Semplificare il più possibile le procedure per il rilascio dei visti, con permessi d’ingresso multipli validi fino a cinque anni. Sono queste le richieste avanzate da Rosturism, l’ente russo del turismo, al ministro degli Esteri Sergej Lavrov, per salvare un settore - quello dei viaggi - finito in ginocchio per l’emergenza coronavirus. Fino a questo momento, infatti, i turisti interessati a visitare la Russia potevano ottenere solo visti a ingresso unico o doppio, validi per poche settimane. 
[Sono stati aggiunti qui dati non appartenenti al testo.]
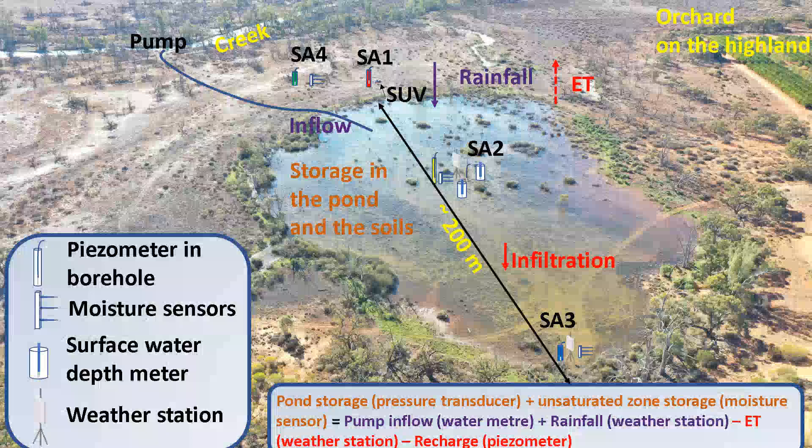We also deployed moisture sensors to monitor the moisture profile with depth within the soil. SA3 has a similar setup to SA2 but is at the boundary of the basin. SA1 and SA4 are equipped with moisture sensor arrays plus boreholes to see how the water table dissipates outside the jelly bean basin. The water balance equation is: pond storage plus unsaturated zone storage equals pump inflow plus rainfall, minus evapotranspiration, minus recharge.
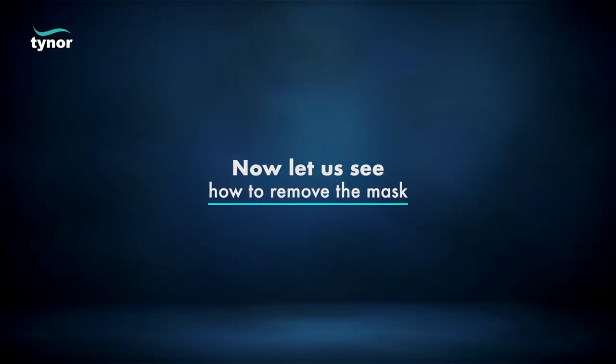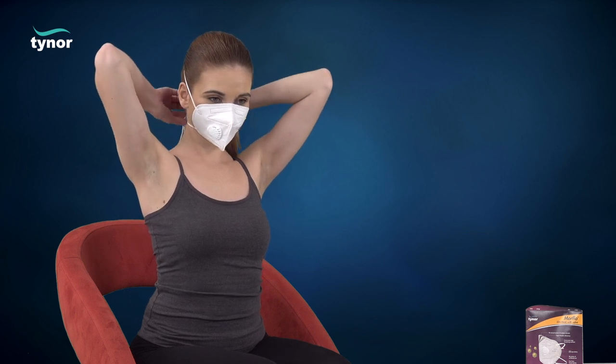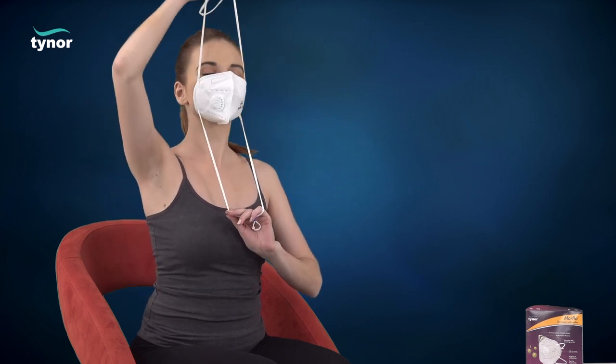Now let us see how to remove the mask. Sanitize your hands. Cup the mask in hand to maintain position on face. Pull out the bottom strap over the head. Still holding the mask in position, pull out the top strap over the head and remove the mask.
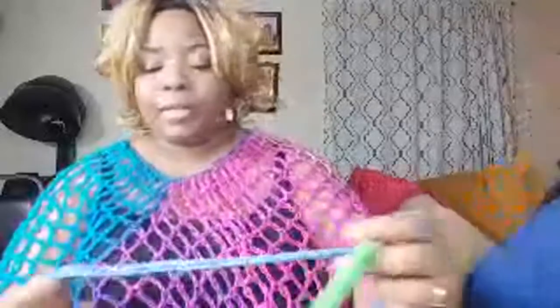I slip stitched, chained one, and now I'm single crocheting all around this ring. I probably shouldn't have mentioned it but I didn't want to miss anything. I appreciate that — I was just wanting not to have to yell because I've been trying to preserve my voice a little bit. I have to sing tomorrow at church, and every time I get on these lives I yell because I'm super excited, and I don't want to get to church and not be able to get a word out.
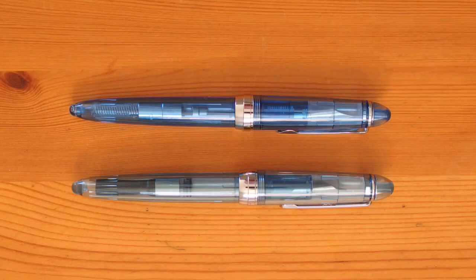Hello YouTube. Last time we looked at the method of fixing the barrel cracking problem suffered by the Jinhao 992. This time we'll have a closer look at it, along with the Lingmo Lorelei. As you can see, these two pens look very much alike.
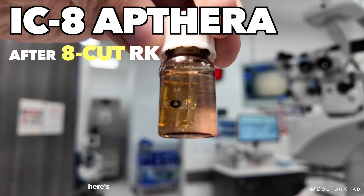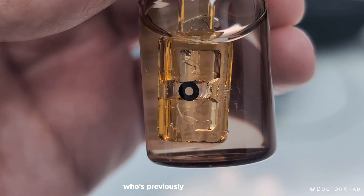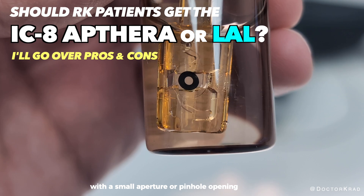Hi everyone, it's Dr. Krad. Here's a lens implant with a black ring in the middle. In this video, I will be implanting this lens for a patient who's previously had RK surgery. But what's the point of this black disc with a small aperture or pinhole opening within it?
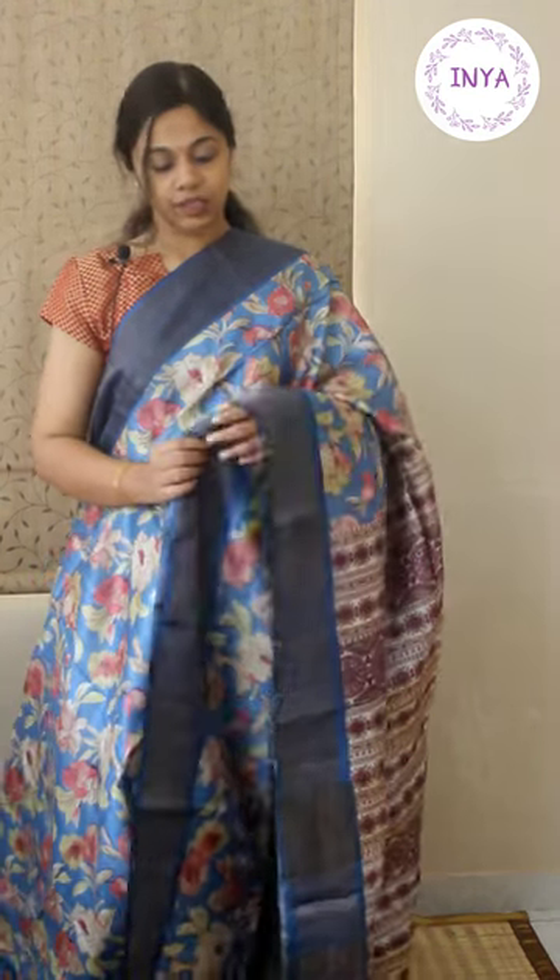Hello all, welcome! In today's video we're going to show you a few pure tassa silk sarees in three different variants: printed, hand-painted, and hand-painted with French knot work all over. These are going to start in the price range of ₹4750 and will go all the way up to ₹6900. All these are pure silks, silk mark certified, and must be dry cleaned to maintain. Let's get started.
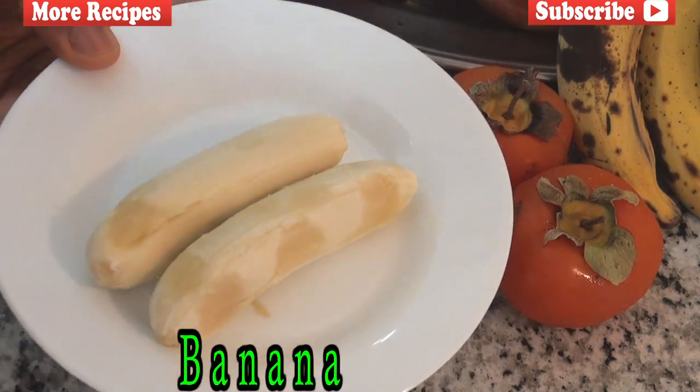Next ingredient: two Brazilian bananas. Now Brazilian bananas are very small but they're actually very, very sweet. So as opposed to using two bananas, if you have a regular size banana, you can use one.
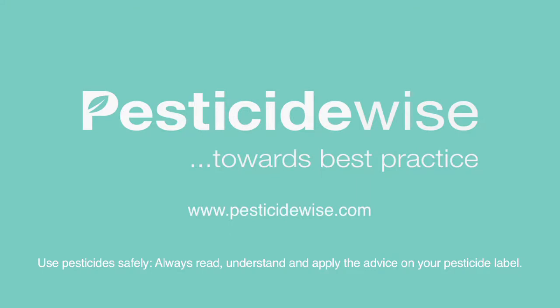For more information about using pesticides and which PPE to use, visit our website.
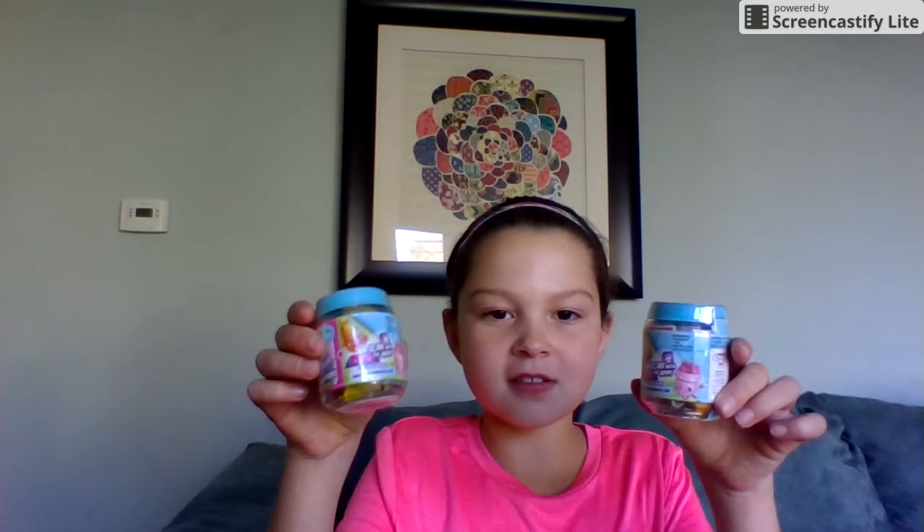Hi, I'm Allison and we're going to be opening two little things with Shopkins in them. Let's get started!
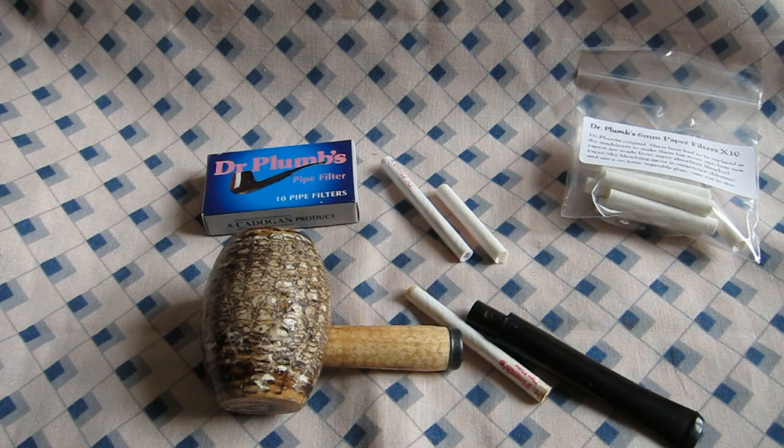According to the sticky label on the plastic bag, it says: 'Dr. Plumb six millimeter paper filters, times ten. Dr. Plumb's original filters have had to be replaced as the machinery to make them has worn out. New papers are made from super absorbent bleach paper — the bleaching agent is oxygen, not chlorine — and use a non-toxic, presumably vegetable, glue.'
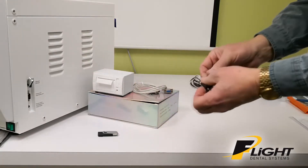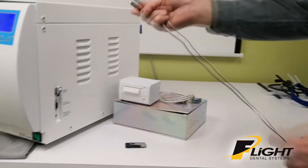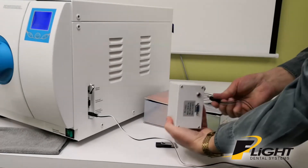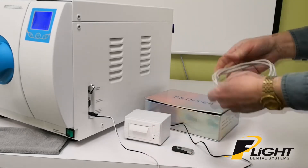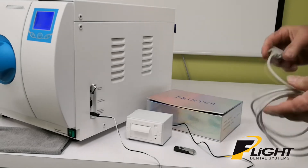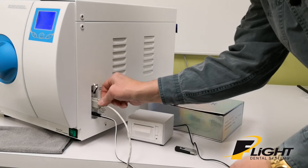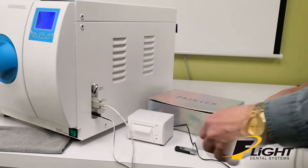This is your power cable for the printer, and that plugs into the appropriate connector down there and on the back of the printer here. Then connect the data cable back to the printer.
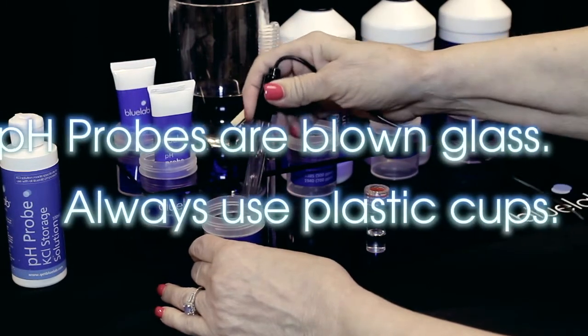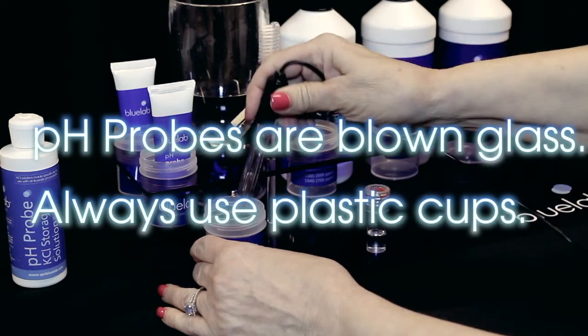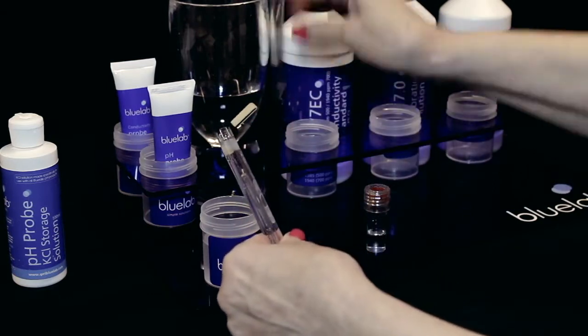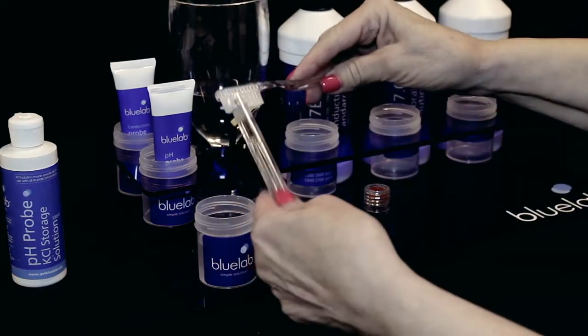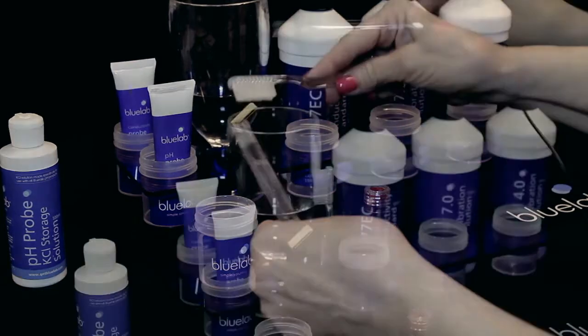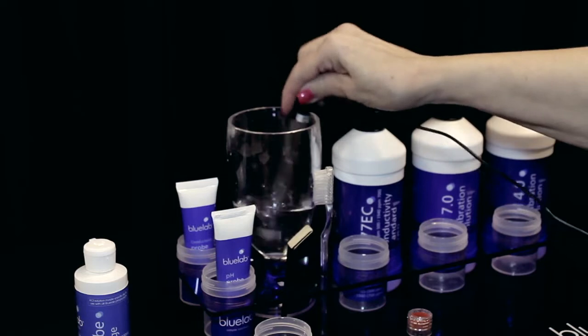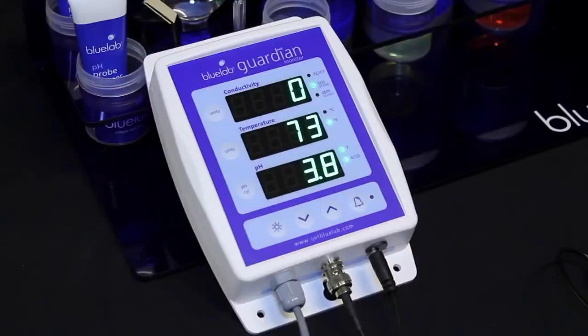pH probes are blown glass and are fragile. When cleaning and calibrating, always use plastic cups. If the pH probe is heavily contaminated, take a soft toothbrush and dip in cleaning mixture. Gently clean around the glassware. Immediately rinse the probe tip thoroughly in clean tap water to remove all traces of cleaning mixture. You'll know it's time to calibrate the pH probe when the two green pH LEDs are flashing.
“Per quando si riapriranno le frontiere, stiamo discutendo la possibilità di rilasciare i classici visti turistici con ingressi multipli e una validità fino a 5 anni - ha fatto sapere l’ufficio stampa dell’agenzia -. Valutiamo inoltre di portare i tempi di rilascio a tre giorni, così come avviene con i visti elettronici”.   

Tra le proposte avanzate da Rosturism, c’è anche quella di estendere l’esenzione dal visto fino a 72 ore per i turisti in transito negli aeroporti russi e in possesso di un biglietto di ritorno; al vaglio anche l’ipotesi di introdurre un regime esente da visto, valido 24 ore, per i passeggeri delle navi da crociera nel caso in cui la Russia sia il punto di partenza o di arrivo della crociera. 

Rosturism ha inoltre proposto di introdurre un regime senza visti, valido 7 giorni, per coloro che partecipano a manifestazioni sportive internazionali, culturali o d’affari. 

“Stiamo sprofondando verso il basso, e il limite non è ancora visibile”, è il grido d’allarme lanciato dalle agenzie turistiche, che parlano di un settore già in ginocchio.  Le perdite, infatti, sarebbero nell'ordine dei 4 miliardi di euro a trimestre.

La direttrice di Rosturism Zarina Doguzova ha fatto sapere al giornale RBK che la semplificazione delle pratiche burocratiche per l’ottenimento del visto potrebbe non solo contribuire a risollevare in tempi brevi il flusso di visitatori, ma farlo crescere addirittura del 20-30% rispetto ai livelli pre-crisi. 

Misure ambiziose che, se andassero in porto, semplificherebbero non di poco la vita di chi sogna di visitare, finalmente, la Terra dei Cremlini.